> **Your objective**
An exact transcription is needed of the lines below from the one with "(AFP Photo) Zimbabwean" through the one with "Top-Down Aerial Drone", with no other lines and no pictures.

> **Provided information**
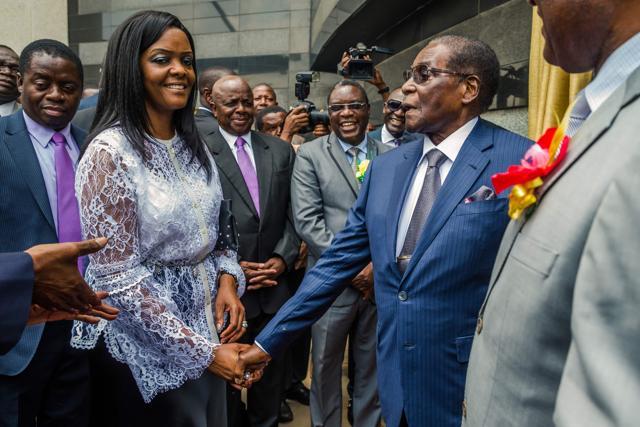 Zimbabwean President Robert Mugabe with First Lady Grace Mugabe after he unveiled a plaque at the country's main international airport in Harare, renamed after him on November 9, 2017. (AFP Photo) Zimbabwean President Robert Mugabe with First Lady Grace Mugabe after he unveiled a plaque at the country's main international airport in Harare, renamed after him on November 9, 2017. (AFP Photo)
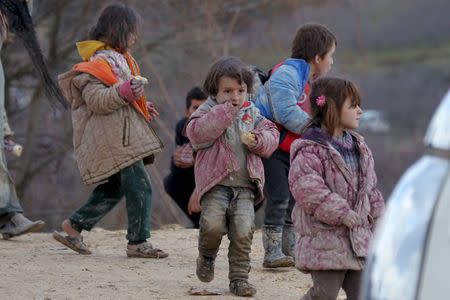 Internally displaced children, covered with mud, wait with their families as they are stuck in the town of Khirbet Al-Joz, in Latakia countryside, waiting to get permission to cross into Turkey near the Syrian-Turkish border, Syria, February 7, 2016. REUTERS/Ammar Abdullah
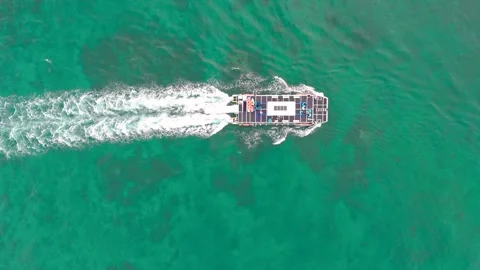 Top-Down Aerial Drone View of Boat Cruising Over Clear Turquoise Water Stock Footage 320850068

...

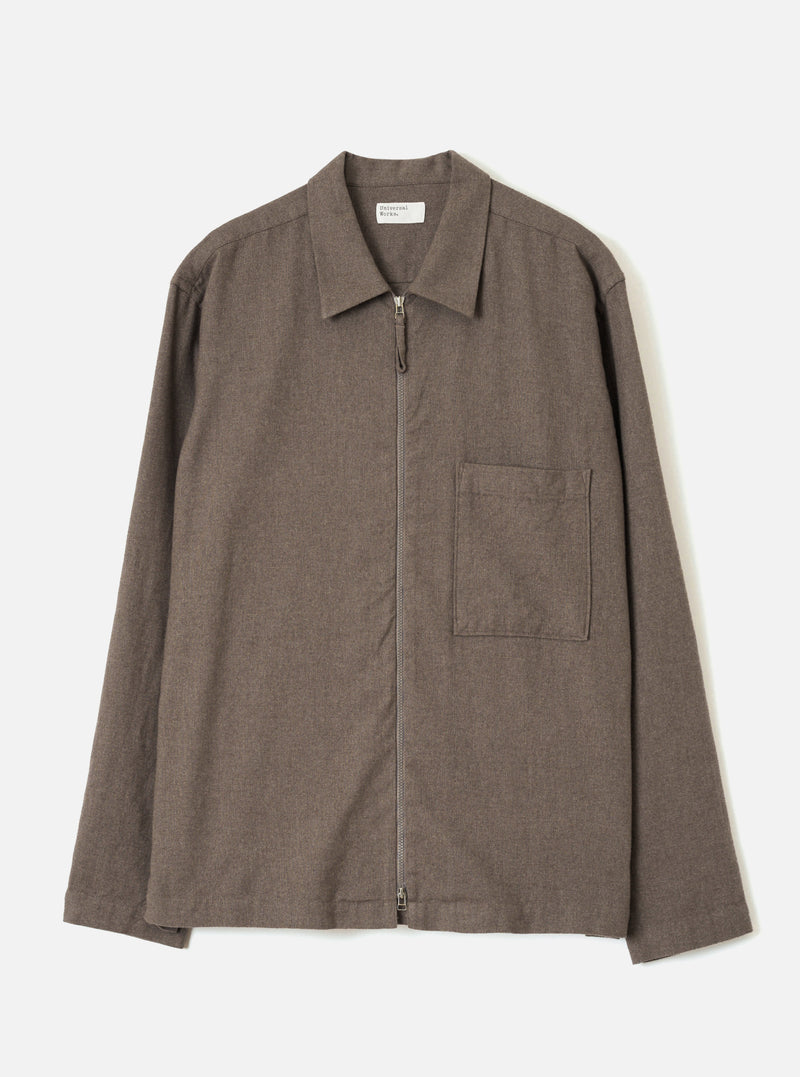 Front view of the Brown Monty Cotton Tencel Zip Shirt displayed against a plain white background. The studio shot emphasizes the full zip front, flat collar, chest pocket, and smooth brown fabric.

---

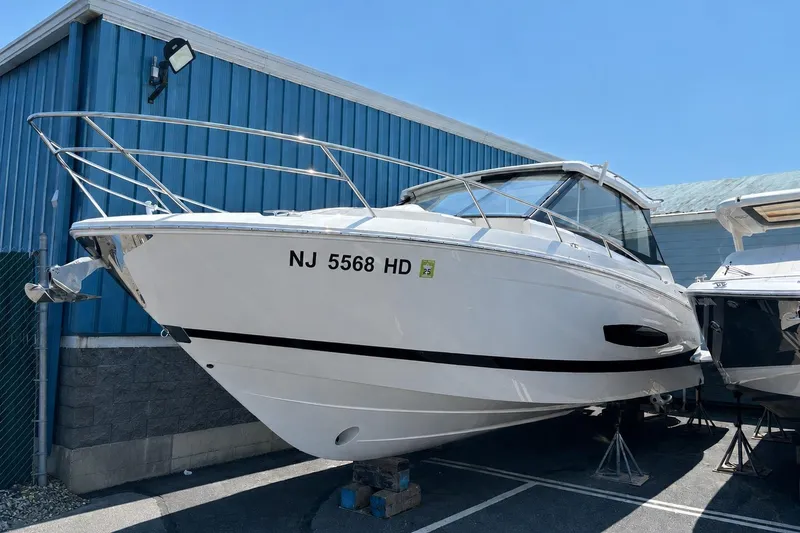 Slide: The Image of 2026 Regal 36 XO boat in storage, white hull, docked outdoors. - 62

> **Solution to this problem**
 Zimbabwean President Robert Mugabe with First Lady Grace Mugabe after he unveiled a plaque at the country's main international airport in Harare, renamed after him on November 9, 2017. (AFP Photo) Zimbabwean President Robert Mugabe with First Lady Grace Mugabe after he unveiled a plaque at the country's main international airport in Harare, renamed after him on November 9, 2017. (AFP Photo)
 Internally displaced children, covered with mud, wait with their families as they are stuck in the town of Khirbet Al-Joz, in Latakia countryside, waiting to get permission to cross into Turkey near the Syrian-Turkish border, Syria, February 7, 2016. REUTERS/Ammar Abdullah
 Top-Down Aerial Drone View of Boat Cruising Over Clear Turquoise Water Stock Footage 320850068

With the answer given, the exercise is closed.